:: SUPPLIED DATA

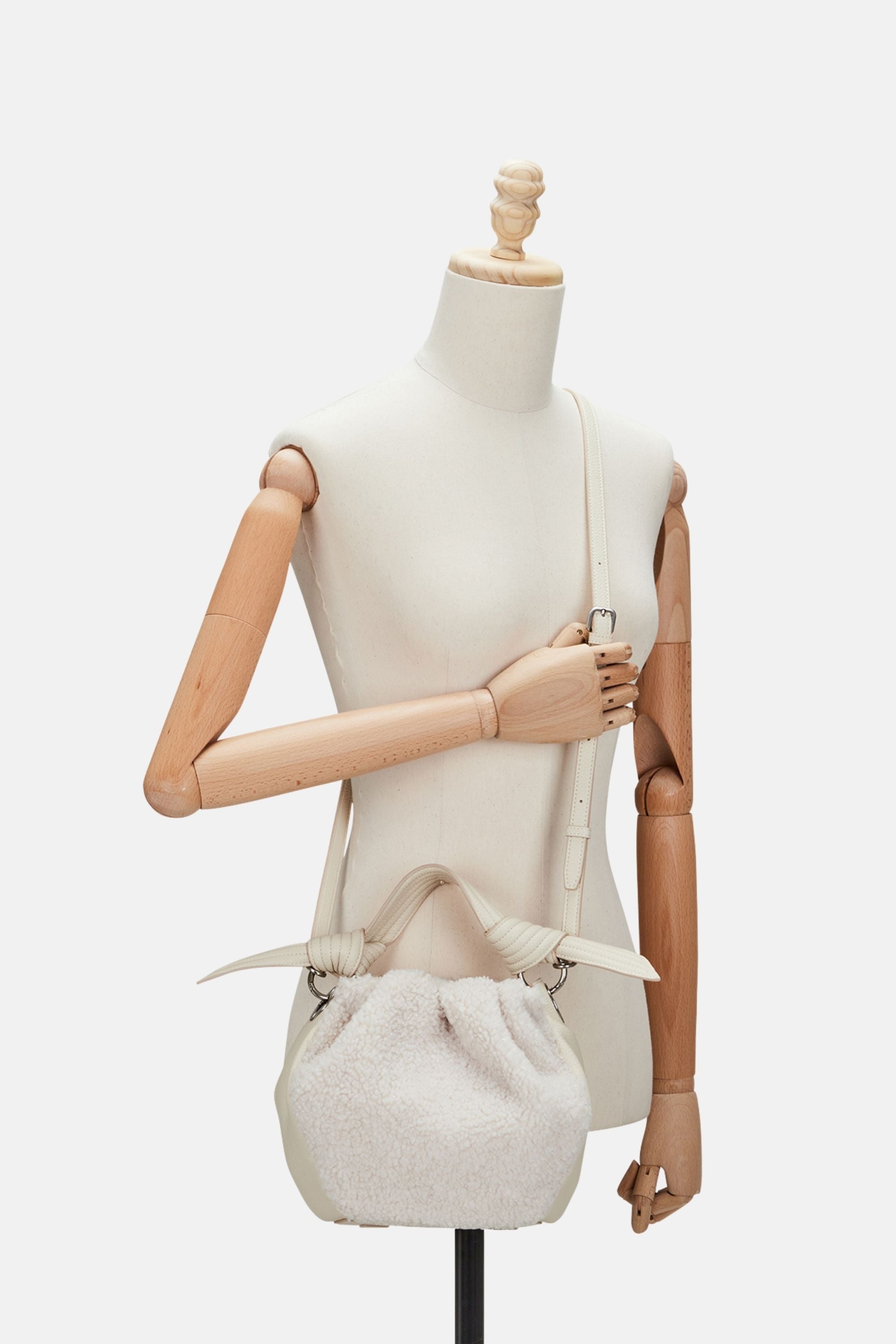 Oryany - Selena Eco Fur Bucket Bag – Medium Crossbody - Vanilla Cream
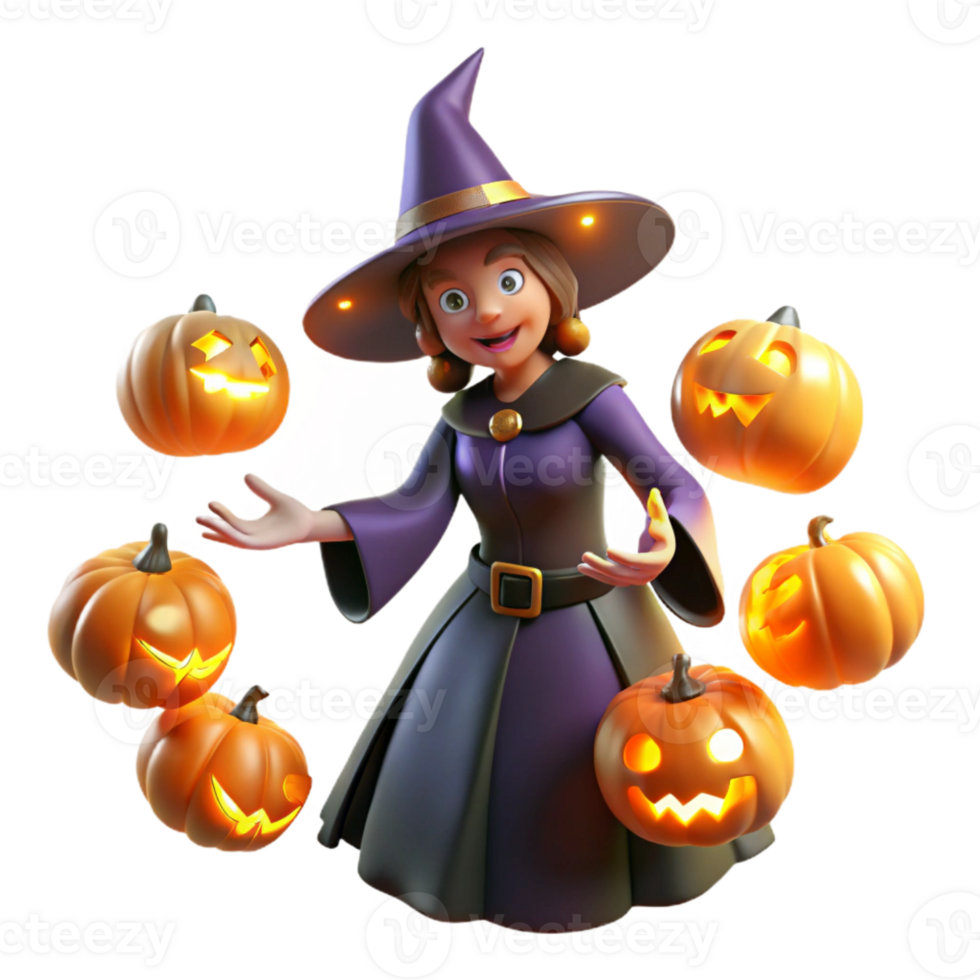 Happy Halloween Witch with Jack-os-Lanterns png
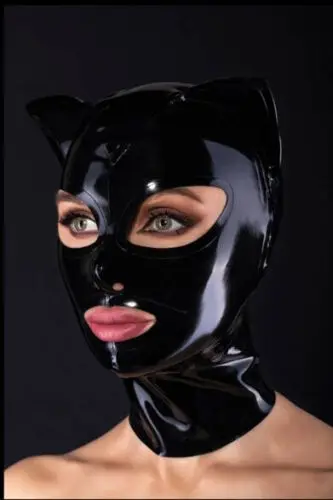 Latex Hood with Cat Ears Back Zipper Handmade Rubber Mask Cosplay Wear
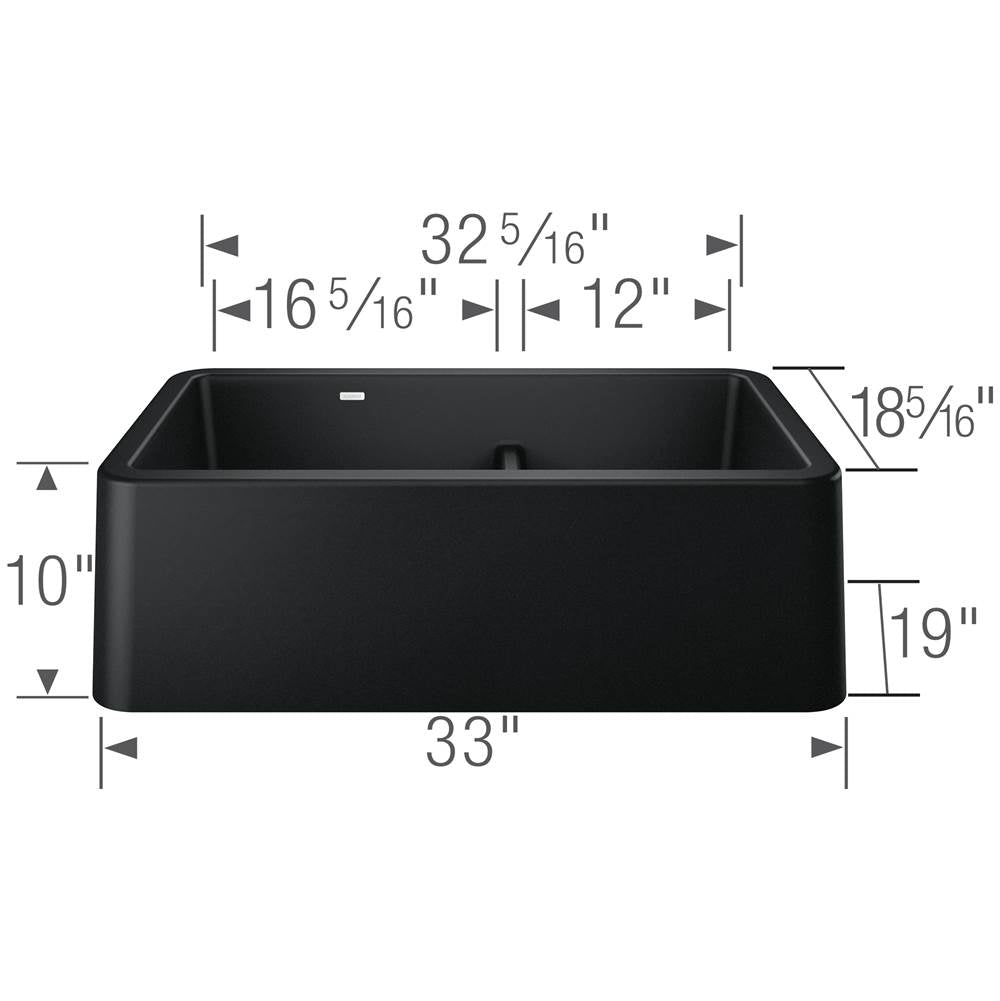 Ikon SILGRANIT 33'' Double Bowl Apron-Front Farmhouse Sink with Low Divide - Anthracite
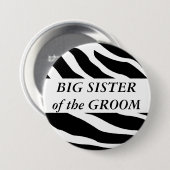Grote zuster van de Groom Zebra Wedding Button (Voorkant /achterkant)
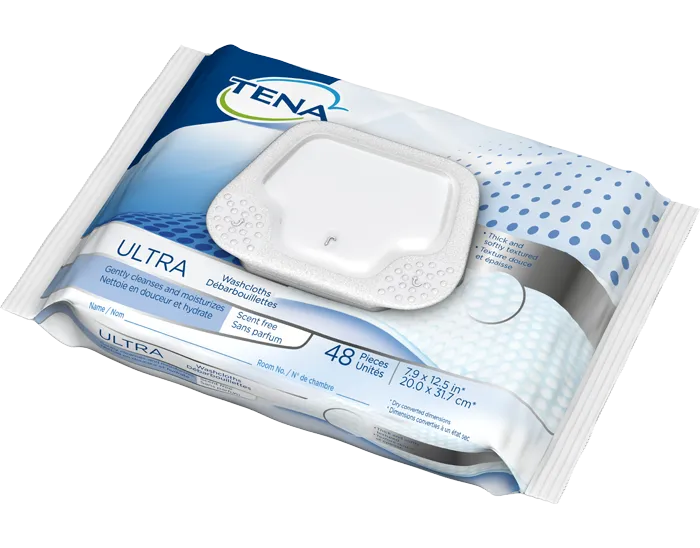 Tena 65722 Ultra Pre-Moistened Washcloths, Alcohol-Free, Scent-Free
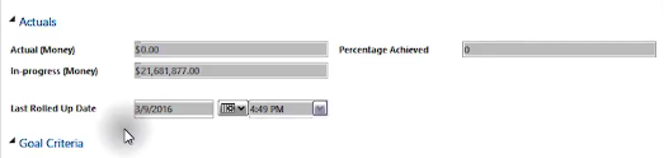 Last Rolled Up Date Goal Microsoft Dynamics 365 for Sales CRM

::::

▸ **PROBLEM STATEMENT**:
Although the records above include pictures, the copy must contain only their exact text.

▸ **YOUR RESPONSE**:
 Oryany - Selena Eco Fur Bucket Bag – Medium Crossbody - Vanilla Cream
 Happy Halloween Witch with Jack-os-Lanterns png
 Latex Hood with Cat Ears Back Zipper Handmade Rubber Mask Cosplay Wear
 Ikon SILGRANIT 33'' Double Bowl Apron-Front Farmhouse Sink with Low Divide - Anthracite
Grote zuster van de Groom Zebra Wedding Button (Voorkant /achterkant)
 Tena 65722 Ultra Pre-Moistened Washcloths, Alcohol-Free, Scent-Free
 Last Rolled Up Date Goal Microsoft Dynamics 365 for Sales CRM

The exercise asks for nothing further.